## PROMPT
Write the listing out again word for word, leaving each picture behind.

DATA SEGMENT Start Marker

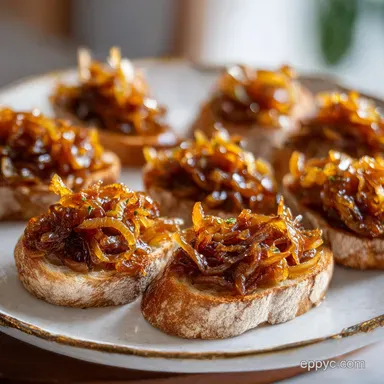 Caramelized Onion Crostini with Goat Cheese Recipe Card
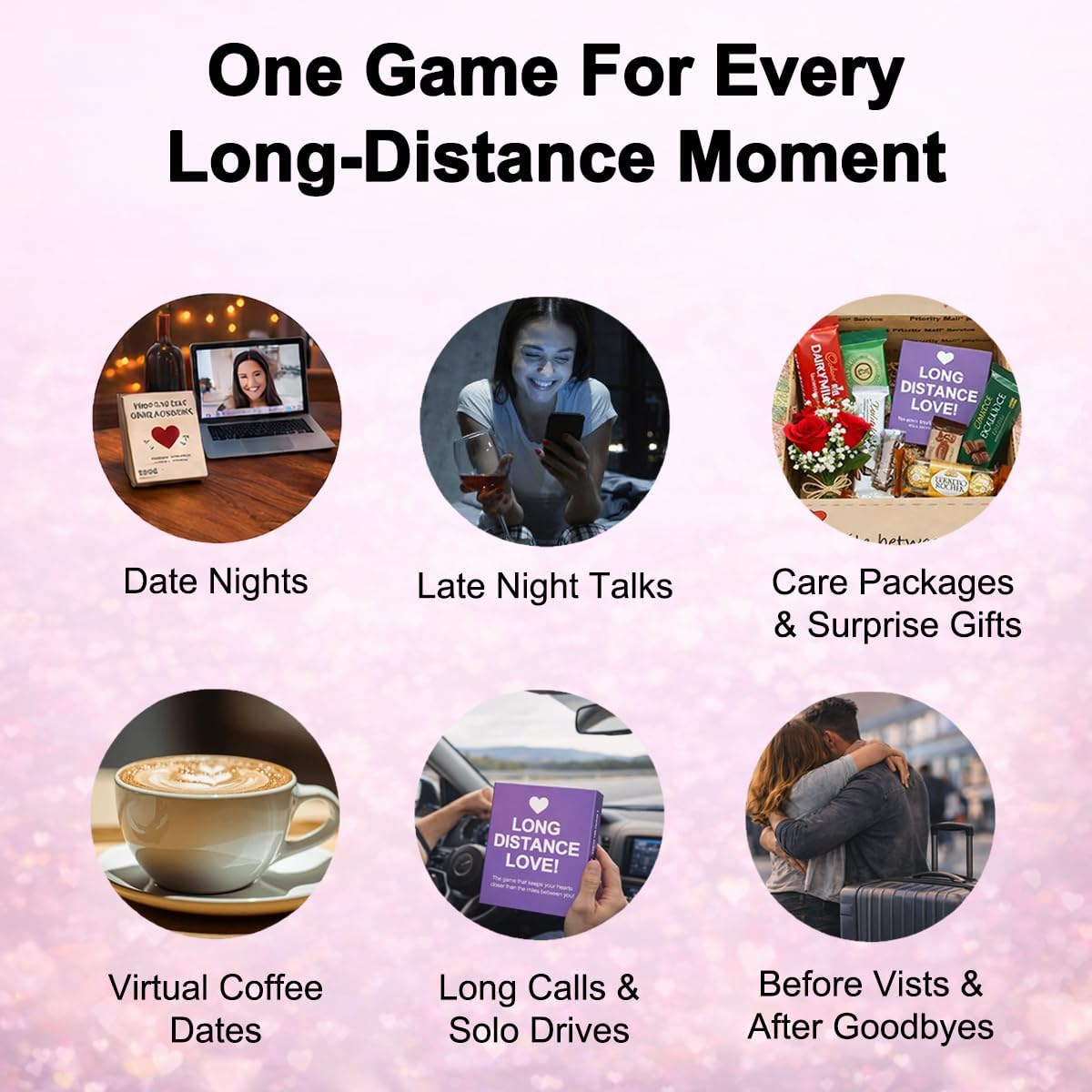 Long Distance Love – Long Distance Relationship Card Game for Couples, 150 Conversation Starter Cards for Video Calls & Virtual Date Night, Gift for Boyfriend or Girlfriend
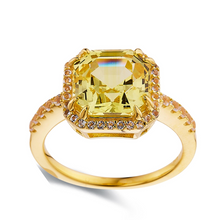 Load image into Gallery viewer, Asscher Cut Lab Grown Canary Yellow Sapphire, Topaz accented ring, Asscher cut halo ring, sapphire ring for her, 18K gold plated sterling silver ring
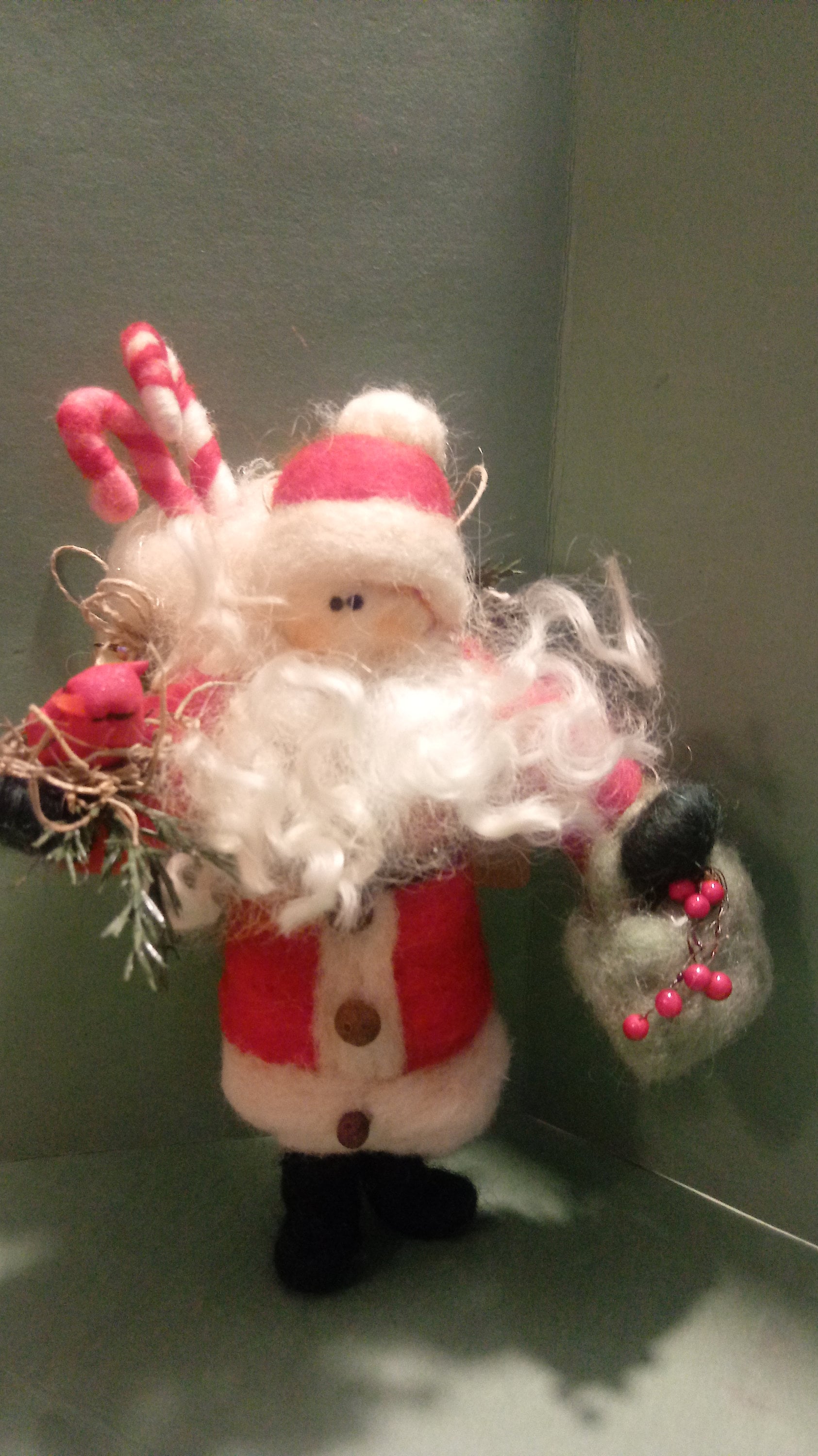 Woodland Father Christmas Miniature  Felted 4 to 5 inch Felted Wool Ornament ..Made to Order.....please check delivery time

DATA SEGMENT End Marker

## WRITTEN SOLUTION
 Caramelized Onion Crostini with Goat Cheese Recipe Card
 Long Distance Love – Long Distance Relationship Card Game for Couples, 150 Conversation Starter Cards for Video Calls & Virtual Date Night, Gift for Boyfriend or Girlfriend
 Load image into Gallery viewer, Asscher Cut Lab Grown Canary Yellow Sapphire, Topaz accented ring, Asscher cut halo ring, sapphire ring for her, 18K gold plated sterling silver ring
 Woodland Father Christmas Miniature  Felted 4 to 5 inch Felted Wool Ornament ..Made to Order.....please check delivery time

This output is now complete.